Arregi’s numerous articles attacking the hypocrisy of moderate nationalism and the “terror” of the radicals have made him a target of Eta.
He hopes that a defeat of the nationalist parties will put an end to the increasing division of Basque society by moving away from questions of self government, culture and identity, to the more pressing issues that affect the lives of the Basques like the economy, health and education.
Even though it is very difficult to establish, the standard division of Basque society used by many sociologists is one where around 15 per cent see themselves as exclusively Basque, another 15 per cent as only Spanish, and the remaining 70 per cent as both Basque and Spanish in different degrees.
|Amutio fiercely defends the Basque Country’s independence|
Aitor Amutio, a lawyer from the iconic town of Guernica, is one who clearly sees himself as just Basque, and fiercely defends the region’s independence.
He points out that he is unable to vote for the political option that best represents his interest, a radical nationalist party called D3M, which has been banned in standing in the election by Spain’s supreme court for its alleged links to Eta.
“I feel Basque.

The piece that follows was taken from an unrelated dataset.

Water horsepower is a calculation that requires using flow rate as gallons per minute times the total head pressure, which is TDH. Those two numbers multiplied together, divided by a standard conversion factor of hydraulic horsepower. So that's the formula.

We have a unique culture and language which will only flourish in an independent state,” says Amutio.
He believes that the right to self determination is essential, and that is the root of the political conflict that exists in the Basque Country.

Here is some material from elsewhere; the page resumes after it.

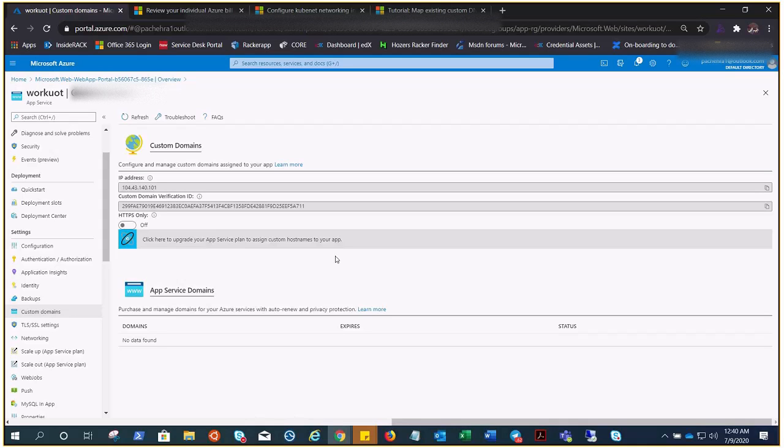I own pachera.live and I have this domain hosted in GoDaddy. I have bought it from GoDaddy and it is still there.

“There is anger, and there clearly is a problem. Now, whether violence is justified or not, that’s a different matter”, Amutio says.
Many of the supporters attending a political rally of Juan José Ibarretxe, the Basque president, whose PNV party Arregi is hoping will lose, seem pleased with the social and economic policies of their leader as I watch them gather in the regional capital of Vitoria.
They say the policies are similar to those of Scandinavian countries, but they can’t resist going back to the issue of Madrid versus Vitoria.
“What is at stake in these elections, I believe, is the continuity of the politics of dialogue [with Eta] defended by Ibarretxe, or a return to more conflict if the Socialists win” says PNV voter Carlos Caballero, as he watches his leader greeting some of his supporters inside a sports hall.
In Caballero’s opinion, the Basque Socialists don’t want to look for a solution through dialogue as happened in Northern Ireland.
“They only take instructions from Madrid” he says.
The ninth Basque parliament that will be formed after Sunday’s elections will be the first one where the Basque radical parties will not be present, after the supreme court’s ruling.
Their past performances have gone from a low of 10 per cent in 2001 to a high of 18 per cent in the 1990 elections.
It is impossible to know how many of the 300,000 or so “abertzales” [a Basque word to refer to a patriot or lover of his/her country] defend violence in order to achieve their goals.
From next week, this group of people will no longer have political representatives in the main Basque political institution.
Dialogue will now be more difficult, and the new government, likely to be led by the Basque Socialist party, the party Caballero says “takes instructions from Madrid,” have said they will not talk to Eta until they stop the killing.
This is a tougher and new approach within Basque regional politics.
If Eta is forced to stop killing in the absence of any institutional voice, then Sunday’s elections could prove to be a turning point in the Basque Country, and it will be for the better.